L'Angleterre tout entière s'est prise d'enthousiasme pour la grande inspirée, et ses fils ne manquent pas une seule occasion de la glorifier.

Aux fêtes normandes célébrées en mai, à Rouen, figurent chaque année, des délégations anglaises, qui traversent la Manche pour honorer avec solennité la mémoire de la Pucelle. Déjà en 1909, l'une d'elles dirigée par M. Edward Clarke, maire d'Hastings, se présenta en grand cérémonial précédée des deux massiers traditionnels pour déposer une branche de lis en fer forgé, sur la place même où Jeanne fut suppliciée. Le maire d'Hastings prononça les paroles émouvantes qui servent d'épigraphe à ce chapitre1.

Un mémoire du quinzième siècle sur les " miracles " accomplis par Jeanne, ayant été découvert dans les archives du Vatican en 1885, une commission fut constituée pour dépouiller et vérifier ce document.

Le président désigné fut un cardinal anglais, l'éminent Howard, d'illustre naissance. Il eut une noble expression : " Ce n'est pas d'une main sanglante que je vais tourner les pages de cette sublime histoire : c'est d'une main repentante. "

L'Angleterre avait déjà répudié le crime de Bedford, le jour où la reine Victoria voulut avoir sous les yeux l'image de notre Jeanne, et fit peindre son portrait.

Catholique, l'Angleterre n'avait pas cherché à intimider Rome lors du procès de réhabilitation ; devenue protestante, elle aida de son mieux à la béatification.

Spectacle touchant : le léopard se couche aux pieds de la vierge de Domremy et implore son pardon !

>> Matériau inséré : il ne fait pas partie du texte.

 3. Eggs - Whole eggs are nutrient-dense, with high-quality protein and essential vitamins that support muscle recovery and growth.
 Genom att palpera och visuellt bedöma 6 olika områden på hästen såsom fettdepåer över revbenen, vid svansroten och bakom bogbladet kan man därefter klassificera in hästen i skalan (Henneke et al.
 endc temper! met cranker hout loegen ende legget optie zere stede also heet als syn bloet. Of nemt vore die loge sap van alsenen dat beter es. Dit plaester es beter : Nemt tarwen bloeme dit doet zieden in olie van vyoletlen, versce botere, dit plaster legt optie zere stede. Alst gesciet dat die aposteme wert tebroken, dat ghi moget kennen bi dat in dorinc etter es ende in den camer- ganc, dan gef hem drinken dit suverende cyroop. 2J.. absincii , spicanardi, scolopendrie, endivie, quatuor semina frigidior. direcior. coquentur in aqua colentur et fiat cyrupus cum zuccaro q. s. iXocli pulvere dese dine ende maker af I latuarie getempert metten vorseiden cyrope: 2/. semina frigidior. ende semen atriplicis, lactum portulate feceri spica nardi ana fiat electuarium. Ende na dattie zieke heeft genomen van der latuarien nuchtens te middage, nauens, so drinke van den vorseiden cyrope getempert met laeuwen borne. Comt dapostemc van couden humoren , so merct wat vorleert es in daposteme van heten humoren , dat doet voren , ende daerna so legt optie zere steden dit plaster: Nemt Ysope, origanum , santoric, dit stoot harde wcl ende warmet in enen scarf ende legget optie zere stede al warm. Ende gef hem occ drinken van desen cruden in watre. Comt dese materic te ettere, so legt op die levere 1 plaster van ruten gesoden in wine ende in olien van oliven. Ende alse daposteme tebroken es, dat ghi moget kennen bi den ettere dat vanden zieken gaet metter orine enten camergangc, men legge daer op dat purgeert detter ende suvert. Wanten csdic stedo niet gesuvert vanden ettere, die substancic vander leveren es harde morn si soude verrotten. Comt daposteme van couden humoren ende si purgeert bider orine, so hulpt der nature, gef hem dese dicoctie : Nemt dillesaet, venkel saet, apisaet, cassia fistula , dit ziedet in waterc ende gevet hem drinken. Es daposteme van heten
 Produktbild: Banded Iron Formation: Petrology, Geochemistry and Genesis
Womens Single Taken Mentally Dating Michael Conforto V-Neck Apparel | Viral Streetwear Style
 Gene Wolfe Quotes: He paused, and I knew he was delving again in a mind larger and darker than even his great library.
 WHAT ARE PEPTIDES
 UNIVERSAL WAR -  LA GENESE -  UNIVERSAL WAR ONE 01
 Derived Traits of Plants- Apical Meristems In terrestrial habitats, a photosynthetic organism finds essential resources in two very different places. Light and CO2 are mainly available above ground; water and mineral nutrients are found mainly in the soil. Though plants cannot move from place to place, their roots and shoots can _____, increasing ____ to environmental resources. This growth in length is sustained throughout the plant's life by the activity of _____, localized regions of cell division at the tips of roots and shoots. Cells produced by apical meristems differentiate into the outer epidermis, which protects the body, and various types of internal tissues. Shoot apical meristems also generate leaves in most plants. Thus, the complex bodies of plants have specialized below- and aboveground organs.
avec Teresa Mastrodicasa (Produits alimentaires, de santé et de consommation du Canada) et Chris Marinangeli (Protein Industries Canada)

N'y a-t-il pas là une leçon pour les Français ? une invitation à tresser la plus belle des couronnes à leur héroïne et, comme nos voisins d'outre-Manche, à faire amende honorable devant celle envers qui tous les partis se rendirent coupables ? Oui certes, coupables ! Ce furent des catholiques français qui la condamnèrent, au moment même où les royalistes l'abandonnaient à son sort cruel, et les libres penseurs n'ont guère mieux agi envers elle : un de leurs maîtres, Voltaire, l'a profanée, et aujourd'hui encore, c'est parmi eux que se rangent tous ses détracteurs.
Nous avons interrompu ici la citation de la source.